Using the STRING_AGG function in T-SQL to concatenate row data

If you’ve ever worked with SQL Server and found the need to concatenate data from table rows into a string value, you may remember having to resort to using features like FOR XML PATH in combination with STUFF to achieve the desired result.

While these approaches are functional, they tend to result in code that is both clunky and hard to read.

Thankfully, starting with SQL Server 2017, Microsoft introduced the STRING_AGG function to the T-SQL language, providing a simpler and much more elegant way to aggregate row data into a string.

In this article, I will explore the basics of how to use STRING_AGG and look at a few practical ways you can use it in your SQL queries, as well as consider some nuances of the function.

What is STRING_AGG?

STRING_AGG is a T-SQL function, introduced in SQL Server 2017, that concatenates values from multiple table rows into a single string. It allows a delimiter to be specified, which is perfect when you want to create comma-separated lists or a custom format according to some specific requirements.

The STRING_AGG function provides similar functionality to the GROUP_CONCAT function which you’ll find in other SQL database engines such as MySQL.

Syntax

Here is the official representation of the STRING_AGG syntax, as per the Microsoft Docs.

STRING_AGG ( expression, separator ) [ <order_clause> ]
 
<order_clause> ::=   
    WITHIN GROUP ( ORDER BY <order_by_expression_list> [ ASC | DESC ] )

Let’s look at the required function parameters first and then circle back to an example of the order clause later.

expression

The column or expression whose values you want to aggregate.

delimiter

The character or string that should be placed between the aggregated values.

Example

Let’s consider a very basic example of using the STRING_AGG function.

Imagine we have a ‘Customers’ table in our database containing an ‘AccountName’ column and we run a simple SELECT statement such as the following.

SELECT AccountName
FROM Customers;

The results of the above query would look something like the following.

NexaCore Innovations
QuantumEdge Systems
HyperNova Technologies
CircuitSphere Solutions
CodePulse Dynamics

Next, imagine we were to run the following SQL on the same data set.

SELECT STRING_AGG(AccountName, ', ')
FROM Customers;

This would result in the following output.
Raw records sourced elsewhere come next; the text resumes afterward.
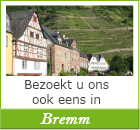 Bremm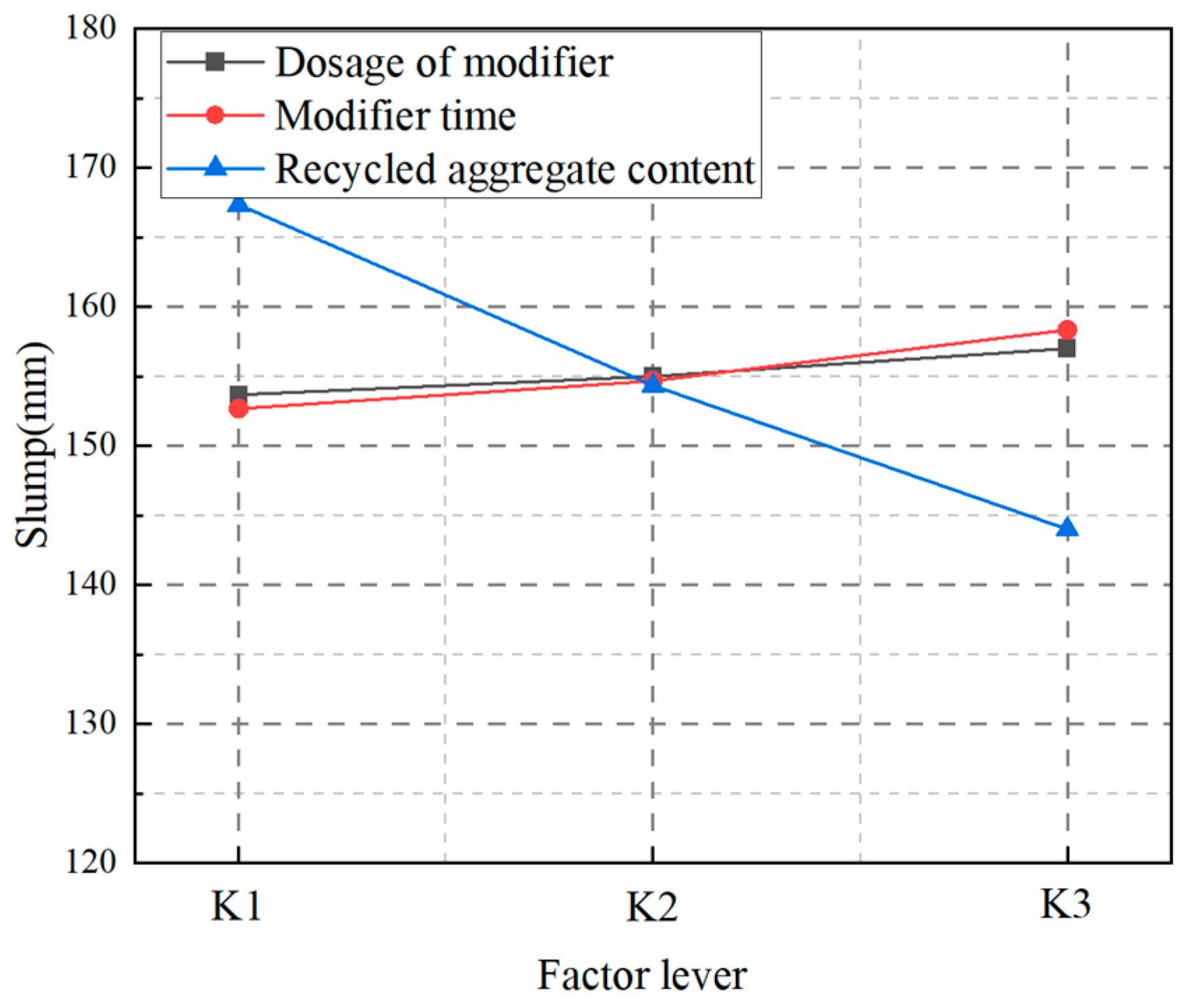 Applsci 14 01974 g009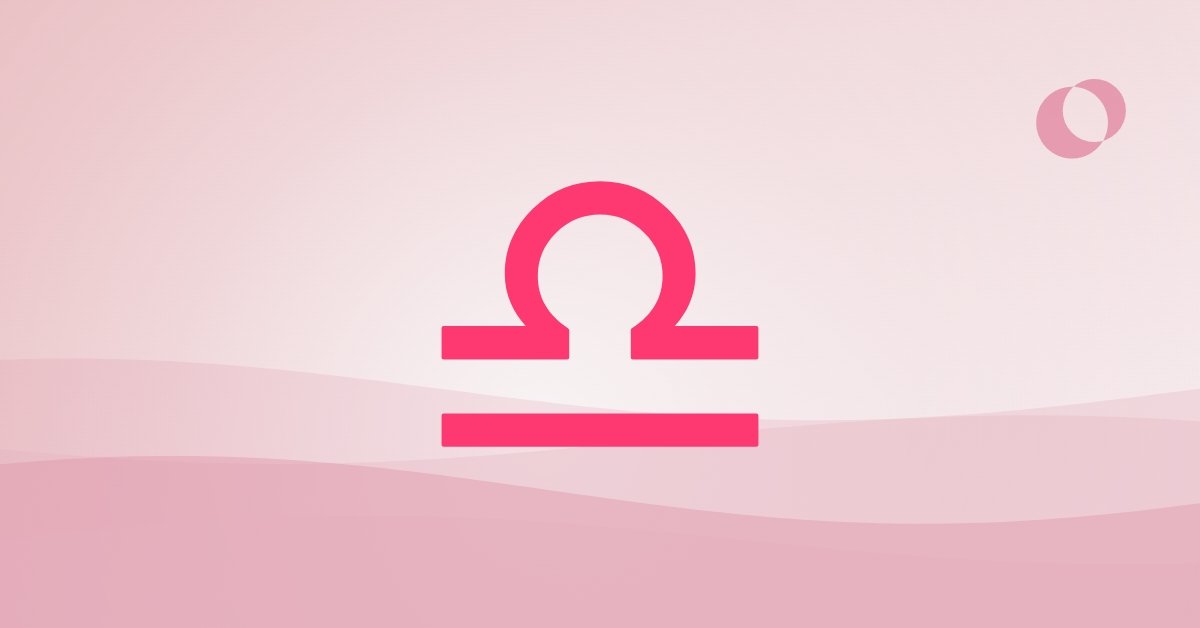 LIBRA, THE NEXT 24 HOURS COULD CHANGE EVERYTHING! One of These 3 Zodiac Signs May Suddenly Make a Move Toward You!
NexaCore Innovations, QuantumEdge Systems, HyperNova Technologies, CircuitSphere Solutions, CodePulse Dynamics

As you can see, the STRING_AGG function essentially aggregates the vertical list of separate row column values into a horizontal list where the values are combined into a single string.

STRING_AGG examples

Let’s look at some more examples of using the STRING_AGG function.

Before doing so, if you want to follow along, I recommend that you install the latest version of SQL Server or LocalDB (usually you will already have access to LocalDB if you have Visual Studio installed) and the latest version of SQL Server Management Studio (SSMS) or Azure Data Studio for interacting with the SQL Server database.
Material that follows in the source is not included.